"Why is it the older and more experienced you are, the less desirable you get?" ponders Liza in Younger (Neon), the breezy comedy from Sex and the City creator Darren Star. Her friend wonders if she's talking about her husband, who has just left her for a younger woman. She means finding a job. Liza, like Sutton Foster, the Broadway star who plays her, is 40, going on 26.
That's the ridiculous-sounding premise behind this light but surprisingly likeable New York-set show, based on the novel by Pamela Redmond Satran. Foster could probably get away with playing a teenager and she gives Younger its quirky allure, even if the show is full of stereotypes. Her character is struggling financially, (because women always rely on their husbands), so Liza needs to find a job.
Having been out of the workforce for years raising her now-teenaged daughter (a boho type who wants to save the world), no one wants to hire her, choosing perky young graduates instead. This may not exactly match the experience many Millennials face in getting a job straight out of uni.

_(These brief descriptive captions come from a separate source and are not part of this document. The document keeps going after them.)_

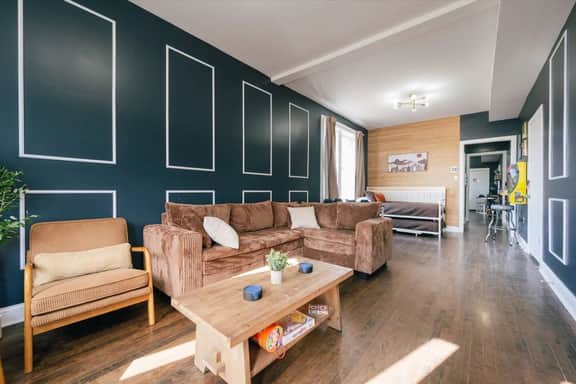 Spacious Arcade Apt for 12 Guests 10 min Downtown - Image 3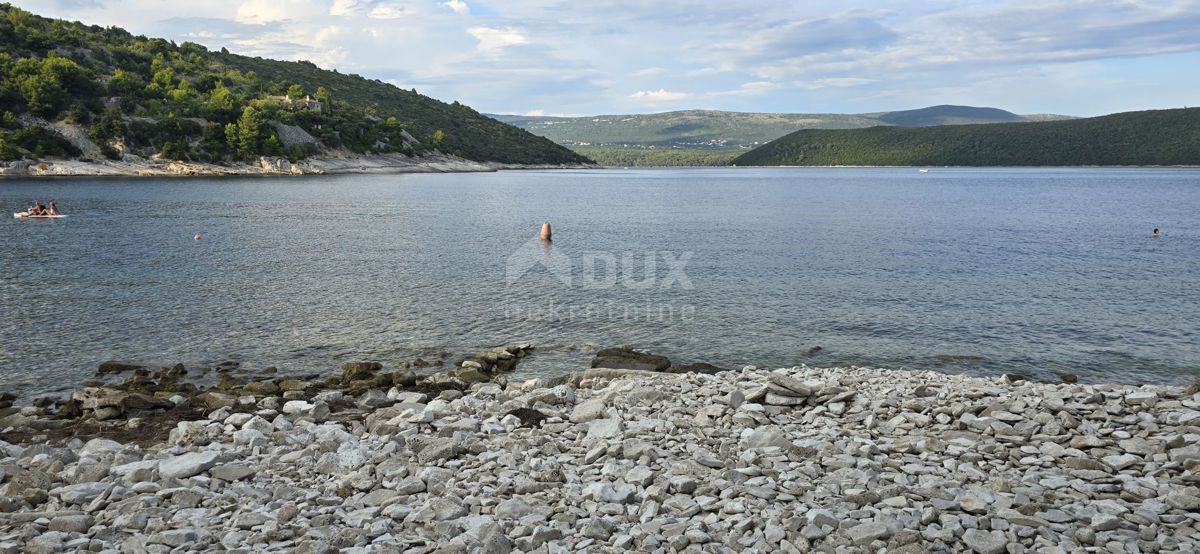 ISTRIA, RAKALJ - Terreno agricolo con impianto a 20 metri dal mare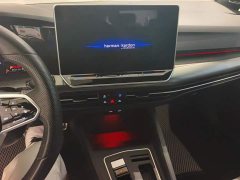 Volkswagen Golf 2025 300TSI R-Line - ფოტო 13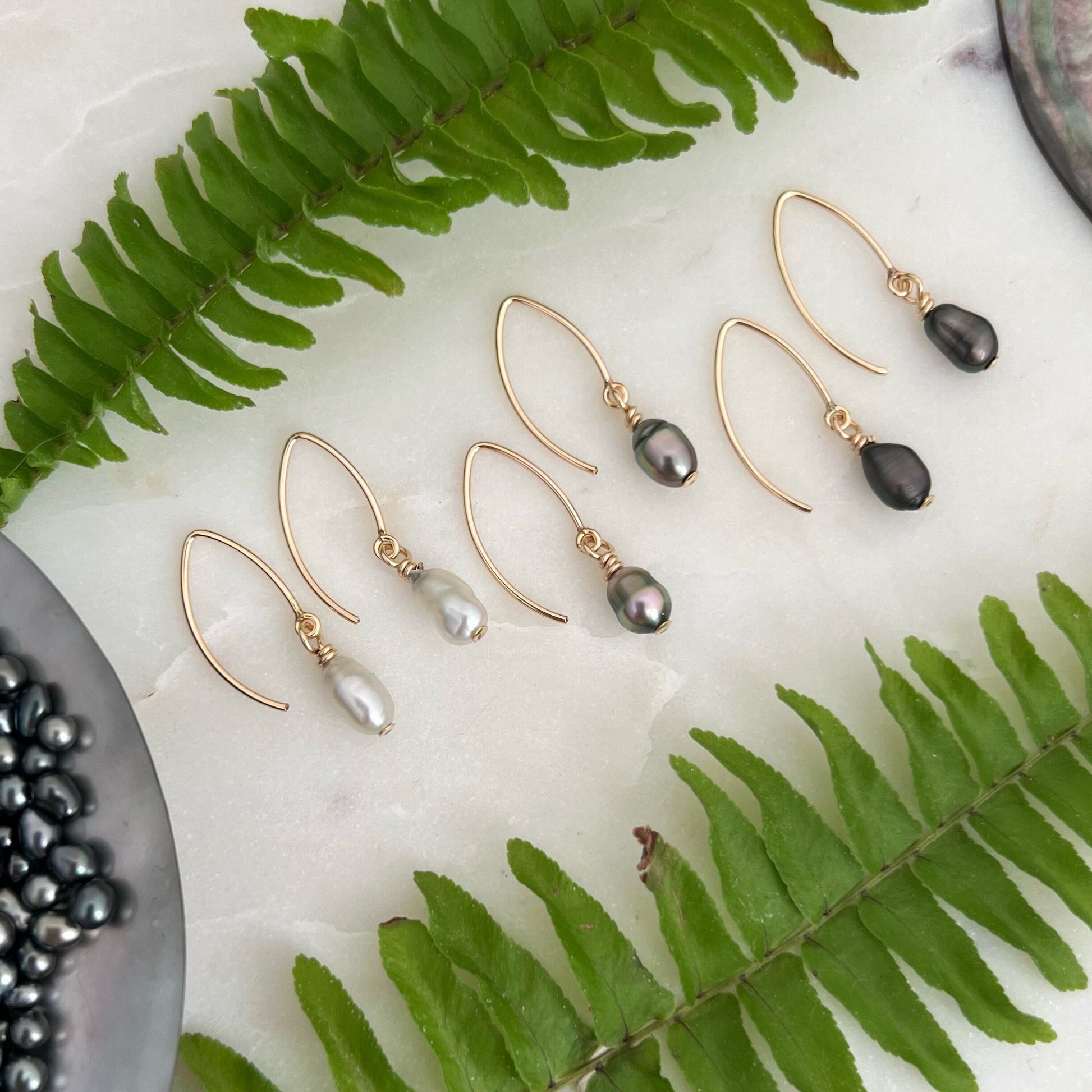 Keshi Tahitian pearl hook earrings • Short dangle • Gold filled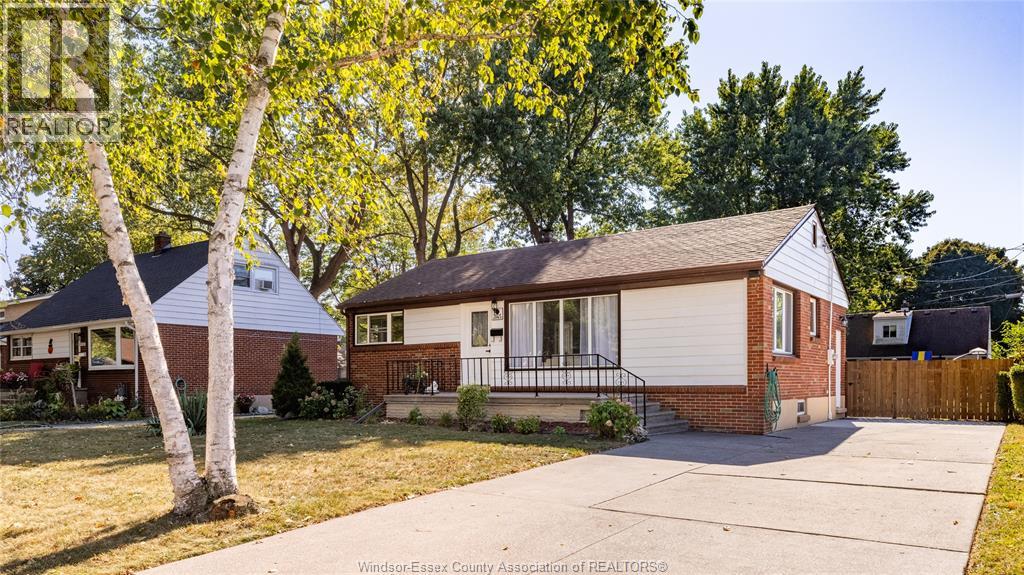 3145 Academy, Windsor, ON N9E 2H5
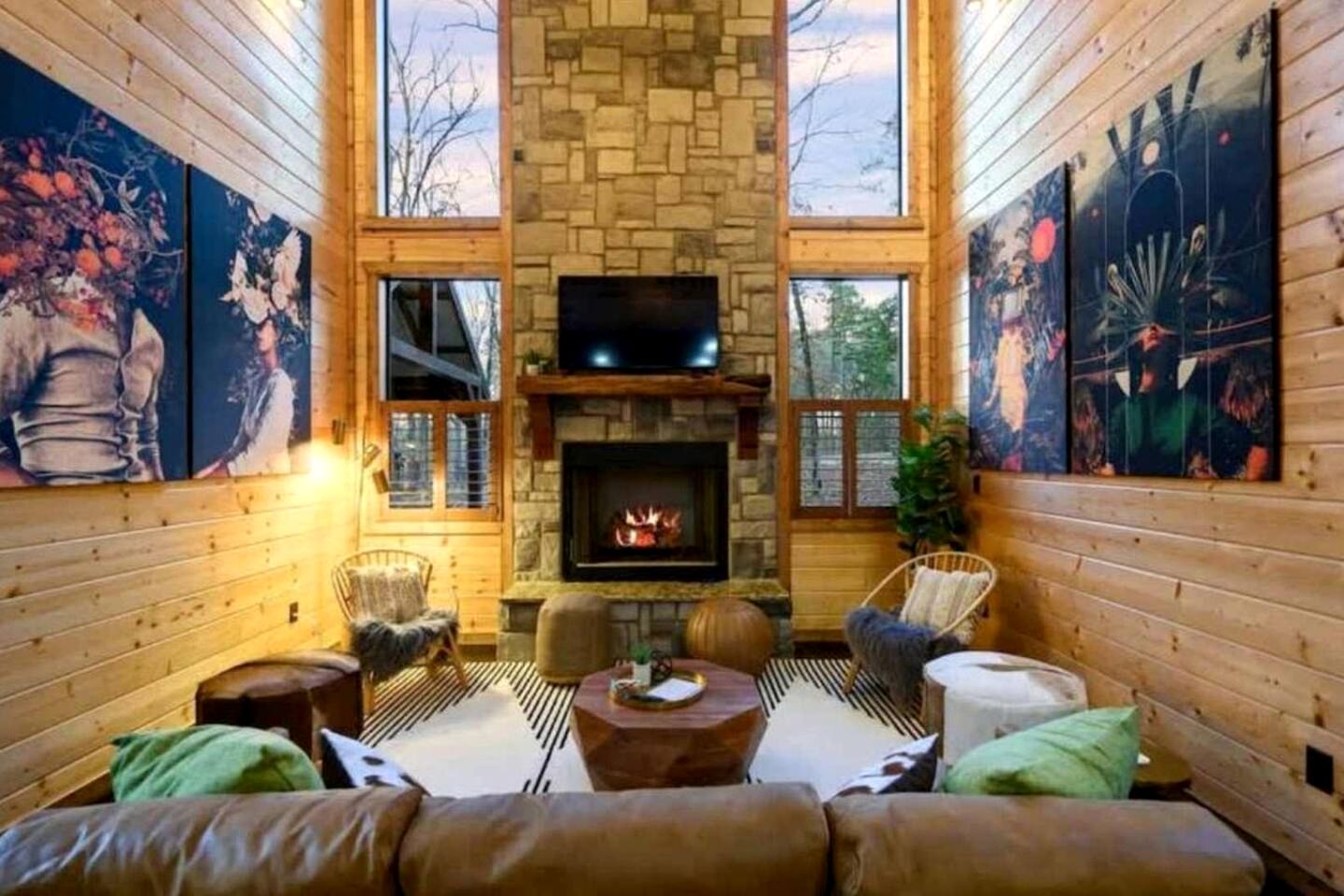 Modern Rustic Cabin with Hot Tub & Loft, Near Shops in Broken Bow, OK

But it's on board with the idea that women often feel invisible as they get older.
When Liza's hit on by a 26-year-old thinking she must be about his age, she decides to pretend it's true, 24/7. "I'm from ... over the bridge," she says, explaining why their paths haven't crossed.
With her new makeover sussed, and her Gen Y crushes rehearsed - Katniss Everdeen and Harry from 1D - she winds up with a gig at a publishing house, working for Diana Trout, a sort of OTT Devil Wears Prada character, and an irritatingly put-together 20-something named Kelsey (a suitably smarmy Hilary Duff).